Techniques for Video Loss Concealment


Techniques for Video Loss Concealment

Most video codecs use interframe compression, sending occasional full frames and many intermediate frames as updates to the parts of the frame that have changed or moved, as shown in Figure 8.8. This technique, known as predictive coding because each frame is predicted on the basis of the preceding frame, is essential for good compression.

Figure 8.8. Basic Operation of Video Codecs

graphics/08fig08.gif

Predictive coding has several consequences for loss concealment. The first is that loss of an intermediate frame may affect only part of a frame, rather than the whole frame (similar effects occur when a frame is split across multiple packets, some of which are lost). For this reason, concealment algorithms must be able to repair damaged regions of an image, as well as replace an entire lost image. A common way of doing this is through motion-compensated repetition.

The other consequence of predictive coding is that frames are no longer independent. This means that loss of data in one frame may affect future frames, making loss concealment more difficult. This problem is discussed in the section titled Dependency Reduction later in this chapter, along with possible solutions.

Motion-Compensated Repetition

One of the widely used techniques for video loss concealment is repetition in the time domain. When loss occurs, the part of the frame affected by the loss is replaced with a repeat of the preceding frame. Because most video codecs are block based, and the missing data will often constitute only a small part of the image, this type of repair is usually acceptable.

Of course, repetition works only if the image is relatively constant. If there is significant motion between frames, repeating a portion of the preceding frame will give noticeable visual artifacts. If possible, it is desirable to detect the motion and try to compensate for it when concealing the effects of loss. In many cases this is easier than might be imagined because common video codecs allow the sender to use motion vectors to describe changes in the image, rather than sending a new copy of moved blocks.

If only a single block of the image is lost, a receiver may use the motion vectors associated with the surrounding blocks to infer the correct position for the missing block, on the basis of the preceding packet. For example, Figure 8.9 shows how the motion of a single missing block of the image can be inferred. If the highlighted block is lost, the original position can be derived because the motion is likely the same as that for the surrounding blocks.

Figure 8.9. Motion-Compensated Repetition of a Missing Video Block

graphics/08fig09.gif

Motion-compensated repetition relies on loss affecting only a part of the image.
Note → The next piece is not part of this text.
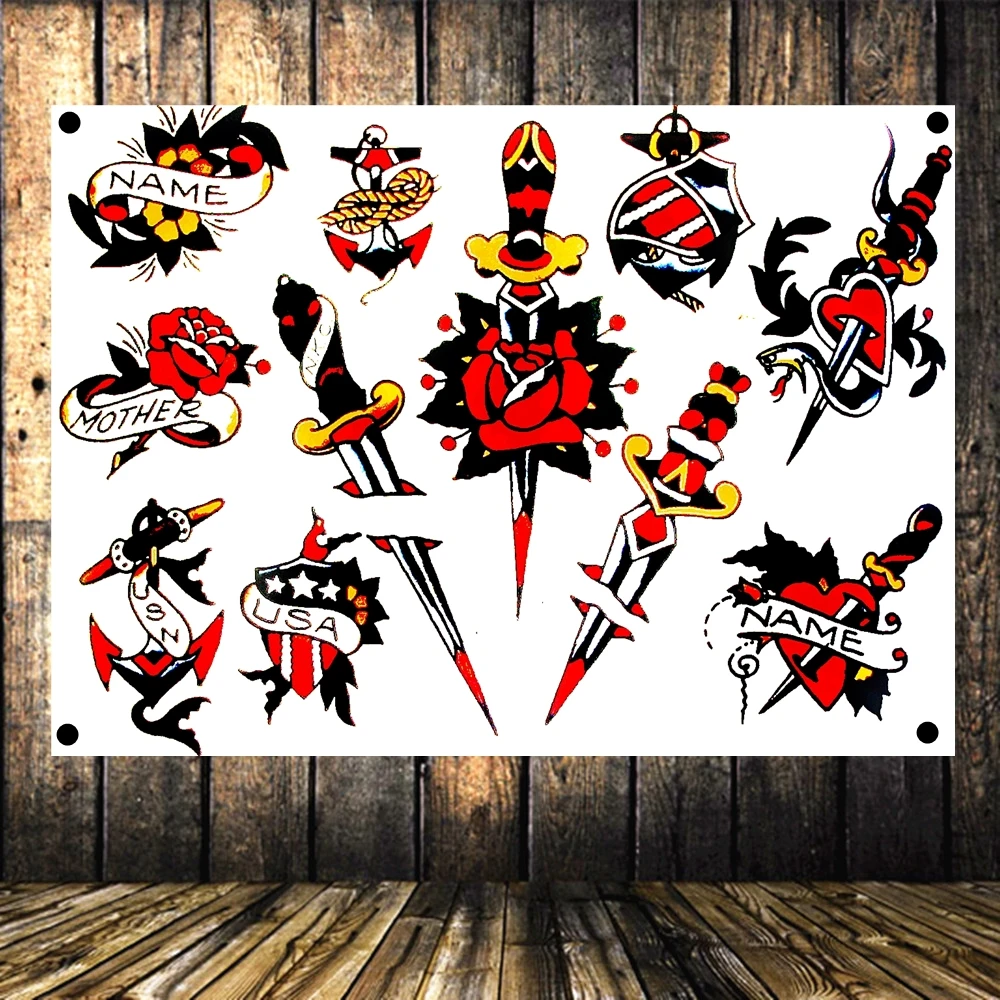 Тату плакаты баннеры и флаги флип карта Холст Картина Настенная Наклейка гобелен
This makes it well suited to network transport that corrupts single bits in the image, but less suited to transport over IP networks that lose packets containing several, most likely adjacent, blocks. Interleaving ”discussed later in this chapter ”is one solution to this problem; another is to use the motion vectors from the preceding frame to infer the motion in the current frame, as shown in Figure 8.10. The assumption here is that motion is smooth and continuous across frames ”an assumption that is not unreasonable in many environments.

Figure 8.10. Inferred Motion across Frames

graphics/08fig10.gif

The two schemes can work together, inferring lost data either from other blocks in the current frame or from the previous frame.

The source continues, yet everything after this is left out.